The three-strike scheme was discussed at the first European Independence Arena, which gathered politicians and European Commission officials as well as professionals from the music, cinema and books sectors in Paris to debate the position of independent companies. It has produced a ten-point declaration for the independent sector.

The two-day conference sessions - which were co-organized by French ministry of culture and by European record labels body Impala - ended with a written declaration stating the expectations of the independent cultural sector towards Europe. It took place in the context of the French Presidency of the European Union.

The declaration included a statement about the importance of regulation of the digital environment and support for the "Internet and creation" law, which will be discussed from Oct. 29 at the French senate.

"Of course, there is no secret plan to impose the French anti-piracy plan to the rest of Europe," said Albanel, defending the proposals. "I simply wish that our experience will prove an inspiration for other European states whose cultural businesses are as threatened as the French ones."

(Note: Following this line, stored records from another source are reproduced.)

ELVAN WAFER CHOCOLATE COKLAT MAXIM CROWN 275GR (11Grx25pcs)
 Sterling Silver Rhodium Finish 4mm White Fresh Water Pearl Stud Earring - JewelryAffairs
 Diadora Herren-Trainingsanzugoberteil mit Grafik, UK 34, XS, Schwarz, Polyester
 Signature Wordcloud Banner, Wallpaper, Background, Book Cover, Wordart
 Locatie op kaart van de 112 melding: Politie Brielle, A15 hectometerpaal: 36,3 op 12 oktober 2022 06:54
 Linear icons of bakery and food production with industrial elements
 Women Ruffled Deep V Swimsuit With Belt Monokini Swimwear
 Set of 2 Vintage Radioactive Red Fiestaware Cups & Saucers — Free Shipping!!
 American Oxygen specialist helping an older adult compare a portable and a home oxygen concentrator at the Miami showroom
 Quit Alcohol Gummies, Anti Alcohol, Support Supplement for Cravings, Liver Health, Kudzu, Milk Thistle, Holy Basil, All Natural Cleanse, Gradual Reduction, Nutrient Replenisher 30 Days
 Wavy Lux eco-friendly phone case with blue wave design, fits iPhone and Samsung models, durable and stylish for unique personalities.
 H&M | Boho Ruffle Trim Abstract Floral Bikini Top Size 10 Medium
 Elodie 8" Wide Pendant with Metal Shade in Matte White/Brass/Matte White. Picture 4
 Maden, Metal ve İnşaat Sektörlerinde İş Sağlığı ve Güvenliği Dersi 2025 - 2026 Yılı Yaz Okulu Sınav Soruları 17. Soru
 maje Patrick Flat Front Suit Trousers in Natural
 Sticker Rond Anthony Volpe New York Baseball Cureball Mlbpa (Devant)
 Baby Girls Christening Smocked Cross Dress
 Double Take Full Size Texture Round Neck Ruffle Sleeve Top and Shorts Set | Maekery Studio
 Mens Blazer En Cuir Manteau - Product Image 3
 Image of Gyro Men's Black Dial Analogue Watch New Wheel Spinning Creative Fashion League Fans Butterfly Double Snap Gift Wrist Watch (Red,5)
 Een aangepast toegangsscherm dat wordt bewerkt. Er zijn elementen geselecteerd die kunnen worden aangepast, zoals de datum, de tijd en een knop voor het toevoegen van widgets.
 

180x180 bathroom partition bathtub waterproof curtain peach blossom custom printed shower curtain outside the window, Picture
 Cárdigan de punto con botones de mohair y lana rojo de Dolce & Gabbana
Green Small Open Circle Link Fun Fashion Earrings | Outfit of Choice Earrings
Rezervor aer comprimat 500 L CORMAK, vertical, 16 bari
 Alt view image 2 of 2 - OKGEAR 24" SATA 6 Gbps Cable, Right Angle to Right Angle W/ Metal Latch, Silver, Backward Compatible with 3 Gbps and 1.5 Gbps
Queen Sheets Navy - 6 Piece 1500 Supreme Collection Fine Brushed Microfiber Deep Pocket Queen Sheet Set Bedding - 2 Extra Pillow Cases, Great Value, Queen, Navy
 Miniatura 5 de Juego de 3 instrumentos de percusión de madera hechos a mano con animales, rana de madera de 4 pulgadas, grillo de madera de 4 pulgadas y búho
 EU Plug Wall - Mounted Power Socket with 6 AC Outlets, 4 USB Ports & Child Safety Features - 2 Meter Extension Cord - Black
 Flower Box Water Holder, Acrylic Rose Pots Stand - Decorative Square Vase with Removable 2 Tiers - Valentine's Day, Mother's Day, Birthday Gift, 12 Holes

She added that the law "won't be the law of the majors, it will be the law of all creators and of all the cultural industries."

Among the other points listed in the final declaration were that European independents expect a "specific status to independent cultural small and medium enterprises (SMEs), endorsed at the European level. SMEs should be granted specific support and benefit from positive discrimination measures."

They also call for agreements to ensure independent productions receive "sufficient and sustainable exposure" in the media, shops, cinemas and in the new media; for new competition and concentration law rules or practices; for the creation of financial tools, as well as fiscal and social measures at national and European level; reduced VAT [sales tax] rates on cultural products in both physical and online markets; and for €1.5 billion ($1.89 billion) to be invested each year from the European budget into the cultural industries, with priority given to SMEs and micro-enterprises.

"We have windows of opportunities, politically and psychologically speaking, with the idea of regulation rising," said Albanel during the closing panel, referring to the measures Europe is currently taking to face the world financial crisis. She added that the French government would create a liaison office representing the three cultural sectors in Brussels.

The European Independence Arena was held Oct. 23 to 24.